Sen. Thad Cochran’s (R-Miss.) primary challenger, state Sen. Chris McDaniel, suggested on Monday that Cochran may face questions over his residency similar to those that have dogged — and in one case, toppled — other senators with primary challengers.
Speaking to reporters at a gathering of conservative candidates hosted by FreedomWorks on Monday, McDaniel said his campaign was "watching...very carefully" whether Cochran maintains a residence in the state in a response to a question about other senators who had lapses.
But McDaniel said he had never seen Cochran in Mississippi during his seven years in the state Senate, and cited anecdotal accounts from friends and supporters on the campaign trail “who have never physically laid eyes on him.”
“That’s the reality, and that begs the question, how could one be responsive to the local people if he doesn’t know the will of the people?” he said. “We’re watching that very carefully — he’s almost never in the state.”
He later added: “There are people my age that haven’t seen him, ever. And he came to my area for the first time in 24 years just a few days ago,” he added.
McDaniel’s main rationale for running has been Cochran’s long tenure in Congress, and he’s argued that the senator is out of touch with the state — an argument that would gain legs if McDaniel were able to prove outright that Cochran is never back home in the state.
Cochran’s campaign brushed off the suggestion that he’s not in the state often enough.
"That is too absurd for a response," said Cochran spokesman Jordan Russell.

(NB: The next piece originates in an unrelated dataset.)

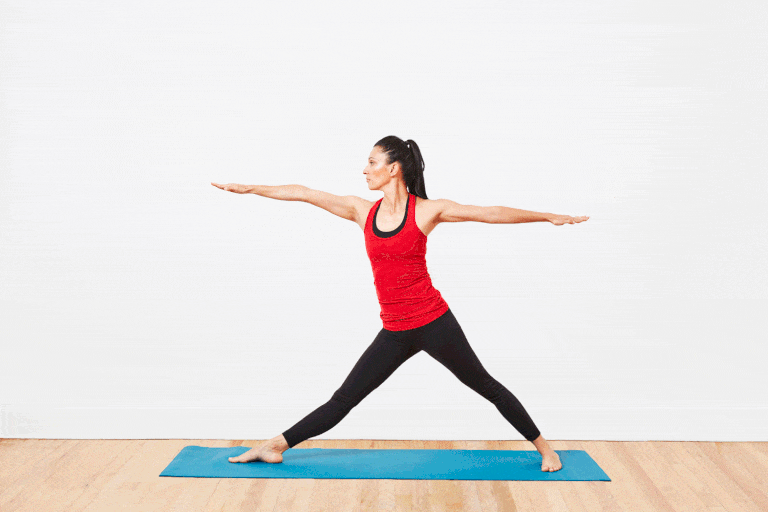 12 tư thế yoga cổ vai gáy giúp giảm đau chỉ sau vài phút!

Russell also said Cochran owns a home, where he lives when he’s in the state, in Oxford, Miss., and is a registered voter there. The senator was last in the state during the Jan. 22 recess and had 11 campaign stops over four days, according to his campaign, at which he spoke to hundreds of constituents and supporters.
But the residency question is an issue that helped defeat former Sen. Richard Lugar (R-Ind.) in a primary last cycle and contributed Republicans ultimately ceding the seat to Democrats, in part because the eventual nominee, Richard Mourdock, made untimely comments about rape and pregnancy just weeks before Election Day.

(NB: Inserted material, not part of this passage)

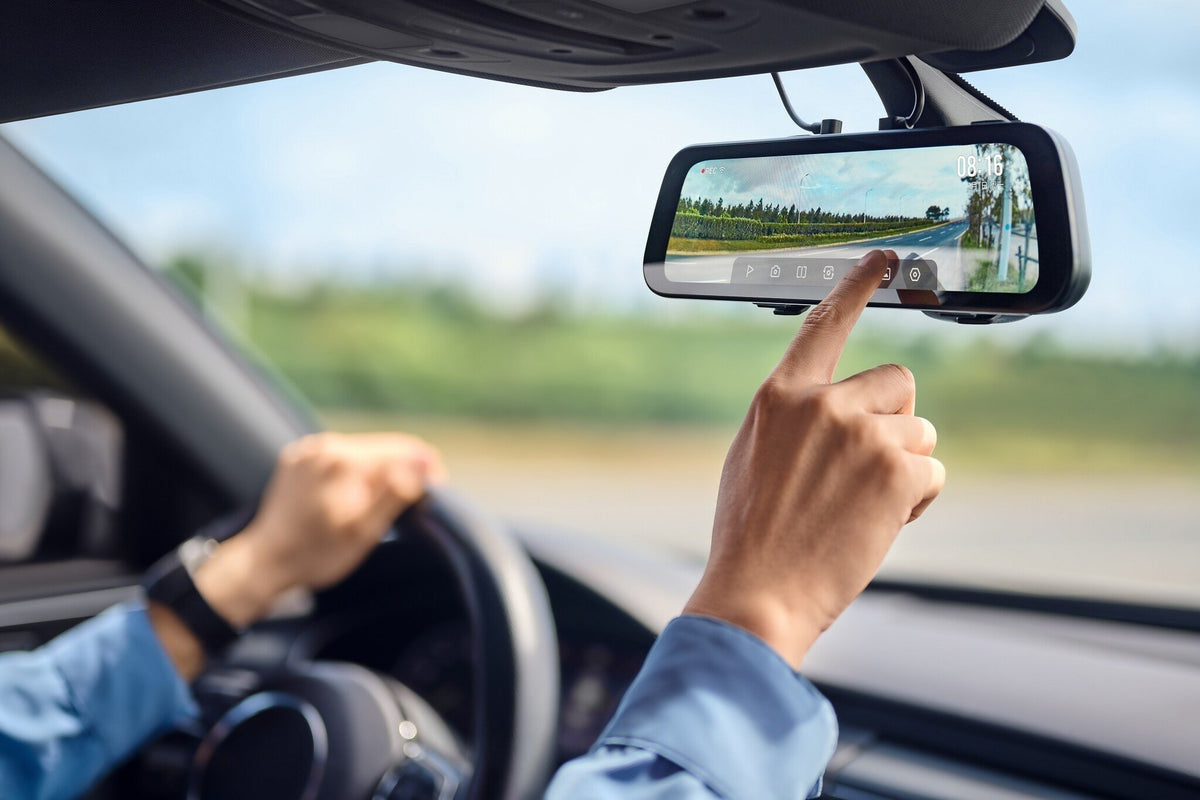 Dashcam rétroviseur Xiaomi 70Mai S500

Concerns over similarly weak candidates making it through to the general election and costing Republicans winnable seats have contributed to a concerted effort by establishment Republicans to beat back conservative insurgent candidates in competitive races.

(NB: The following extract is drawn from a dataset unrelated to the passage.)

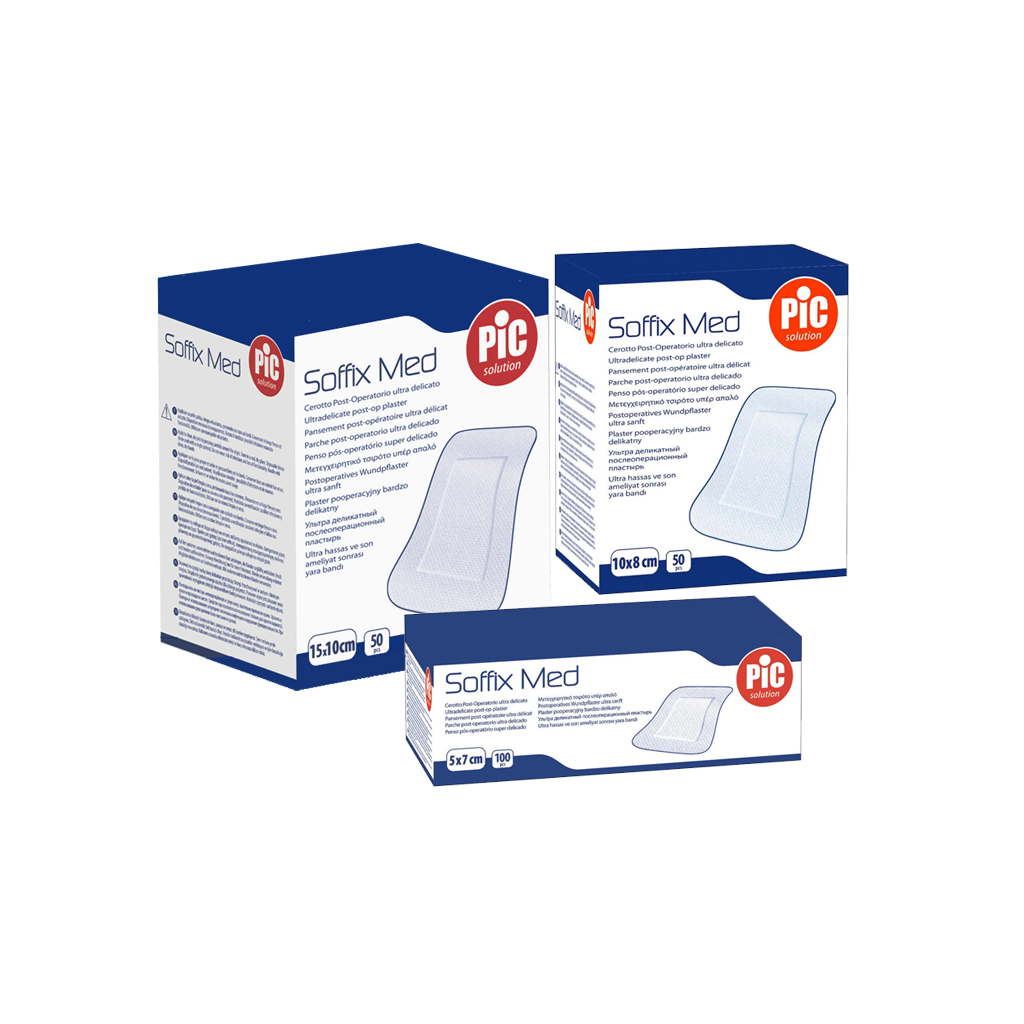 Image de produit PANSEMENTS SOFFIX MED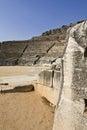 Ancient Greek theater Royalty Free Stock Photo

The Mississippi seat is expected to remain safely in Republican hands even if McDaniel defeats Cochran in the primary, but the senator is receiving substantial support from the establishment wing of the party to fend off the challenge regardless.
Still, Cochran has been appraised as the incumbent most vulnerable to a primary challenge this cycle, and his fourth-quarter fundraising numbers — he was outraised by his challenger — underscore the challenge he faces in keeping his seat.
The residency issue reared its head again last week, when it was reported that Sen. Pat Roberts (R-Kans.), also facing a primary challenge, doesn’t live in Kansas and in fact pays rent to two donors when returning for brief stints to, he joked, “have full access to the recliner.”
Though he does in fact own a home there, he rents it out. His primary challenger, radiologist Milton Wolf, this weekend decried Roberts’ “audacity to ask the very Kansans he has abandoned to support his bid to stay in Washington for a fifth decade.”
—This piece was updated at 3 p.m. to reflect comment from Cochran's campaign.